By Ryan Dedrick on April 6, 2017.
If you've ever explored the world of auto insurance rate factors, you probably noticed there are quite a few. Some even come with multiple factors of their own, which makes it really easy to play the game of "well if X affects my rate, what about Y…?" Sometimes Google gives you a clear answer and sometimes you "what if" your way five pages deep into a search engine with nothing to show for your efforts.
Well, we'd like to save you from the latter by explaining some potential scenarios one post at a time. For this edition, we're going with "does getting my car towed affect my premium?"
Short answer: Not directly.
Longer (but not too long, so read it) answer:
Outside of an accident, we can probably group the reasons your vehicle would get towed into two main categories: It broke down or you did something illegal.
Let's explore each possibility.
Your car broke down and you need a tow.
If you're paying for the tow yourself, chances are your insurance company won’t be informed that your car had issues. Nowadays more people are using their insurance companies for roadside assistance since a lot of them offer the coverage or service at no- or low-cost. (At Say, it's included in every policy for free). In that case, the insurance company will have to be notified, leaving drivers to question, "if claims can raise my rate, does using my roadside assistance count as a claim?"
Technically speaking, any time you need your coverage to kick in, it's considered a claim—but not all claims raise rates. We can't speak for every insurance company, but for most, using roadside assistance coverage does not lead to an increase in your rate. Instead, the insurance company will take note of when and how often you use the services. If you start using the service way more than average, the company may increase the risk they associate with you (which could increase your rate) or refuse to renew your policy.
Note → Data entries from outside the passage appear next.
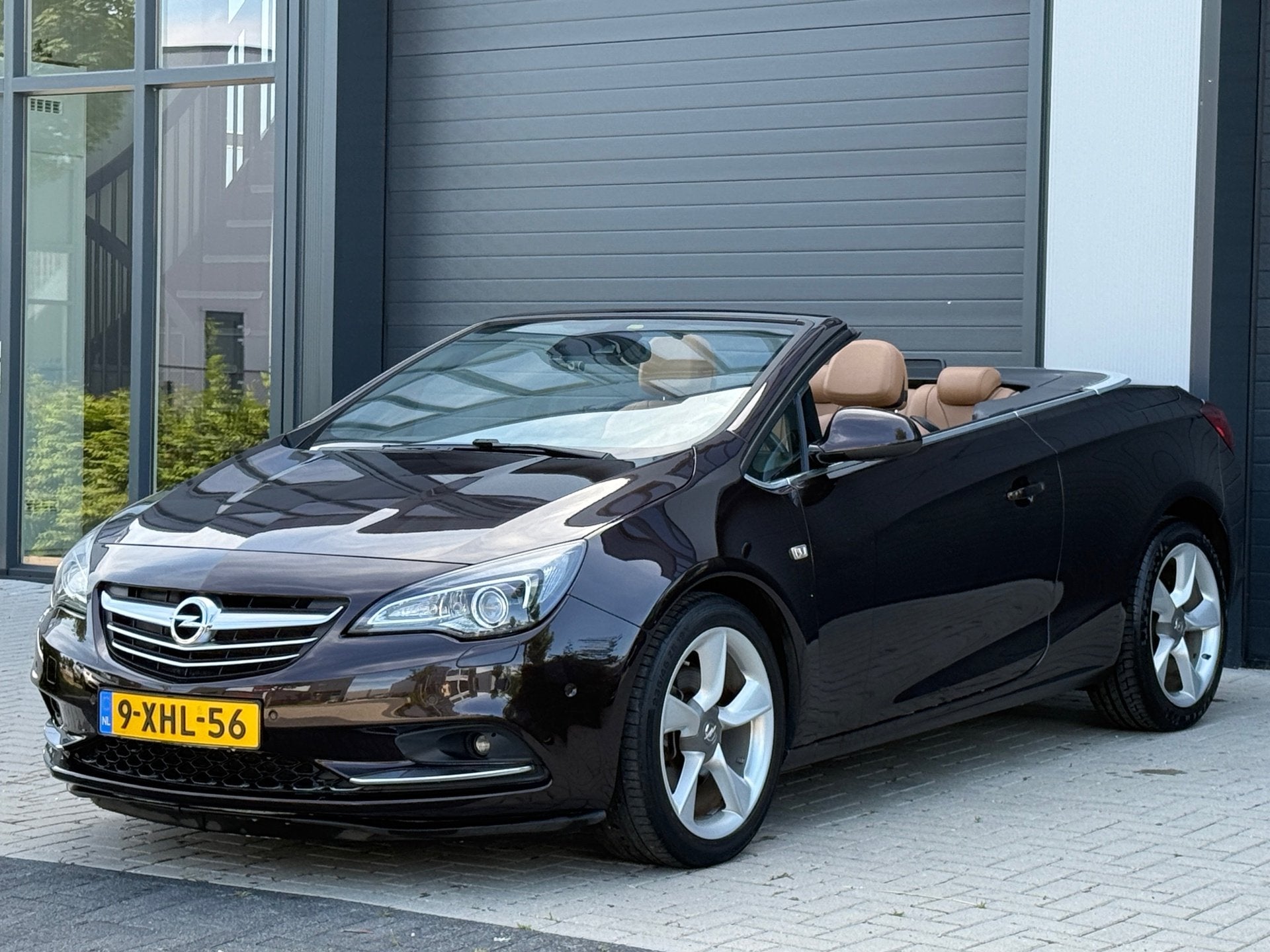 Opel Cascada 1.6 Turbo Cosmo / NAP / AUTOMAAT / BOMVOL, Auto's, Euro 5, Gebruikt, 4 cilinders, 4 stoelen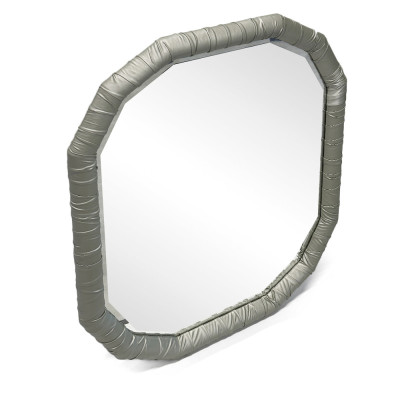 Будкрам купити Дзеркало настінне з фацетом у рамі з тканини 68х81 см, сірий Sanpreis Дзеркало настінне з фацетом у рамі з тканини 68х81 см, сірий Sanpreis 4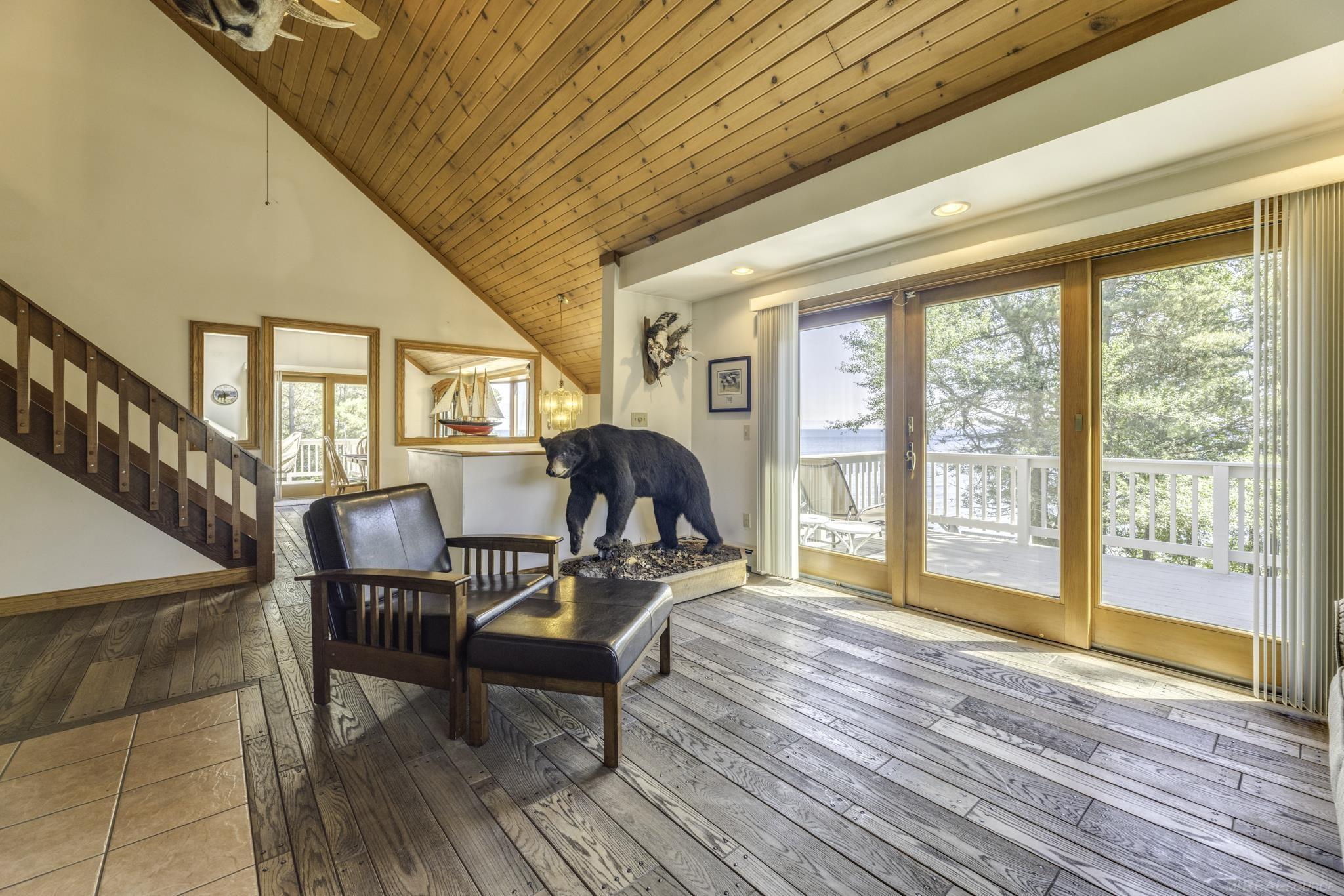 3388 N Lakeshore Road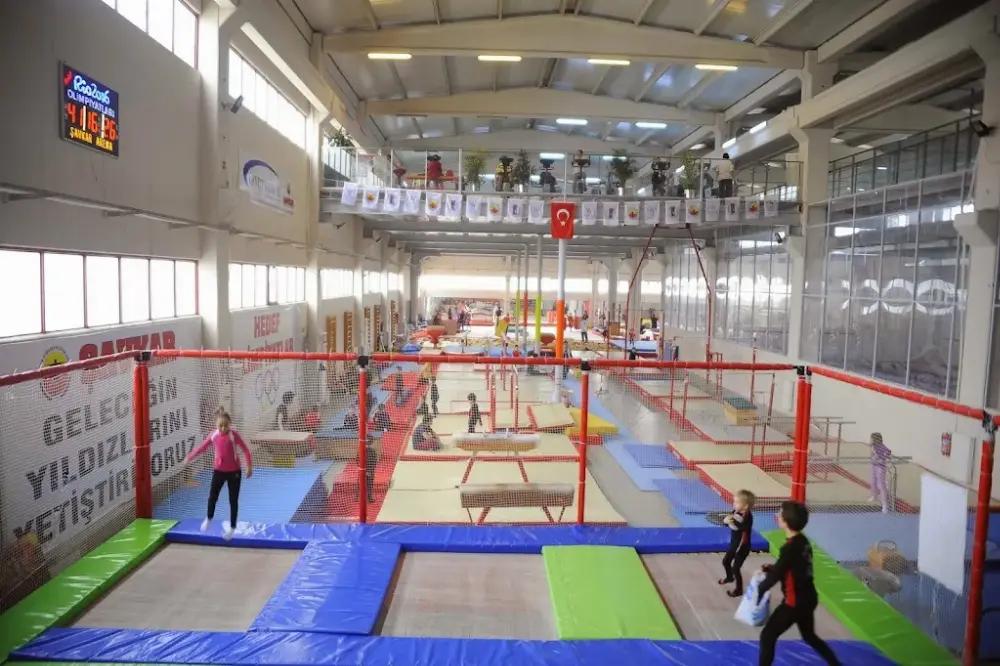 Şavkar Cimnastik Spor Kulübü — Yüzme Havuzları, Bornova · fotoğraf 2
At Say, we will never rate up for using Roadside Assistance, but if a driver is found to be abusing the service, we will not renew the policy.
Final answer: abusing roadside assistance, or using it too often, could affect your rate, but the tow itself would not.
You did something illegal.
Now this one can sound a bit dramatic, but the spectrum of "illegalness" can vary from a simple mistake to a flat out no-no. Here are some of the illegal actions that lead to a car being towed and impounded:
- Parking in a Tow Zone (obvious)
- Unpaid parking tickets
- Parking next to a fire hydrant
- Blocking traffic
- Blocking access to a handicap ramp
- Driving with a suspended license
- Being unlicensed
- Expired registration
- Driving while intoxicated or under the influence of drugs
- Driving with illegal drugs, firearms or fireworks
- Reckless driving, drag racing or interfering with a funeral procession
- Fleeing from police
- Soliciting prostitutes or drugs
Looking at that list, you can see some of these things affect your insurance premium regardless of towing. Consider parking tickets. Since they're not considered a moving violation, getting one does not affect your rate. Having unpaid parking tickets does, however, because your financial habits play into your insurance score and rate. Not only that, but unpaid tickets can lead to a license suspension.
Driving without or with a suspended license, driving under the influence, reckless driving, fleeing from the police, etc. automatically indicates risky driving behavior, which can lead to a premium increase, but again, the tow itself does not.
Also, if your car gets impounded, you'll need to pay for the towing and storage fees, which can add up quickly. Not being able to pay will go on your financial record, which as we've mentioned before, affects your rate.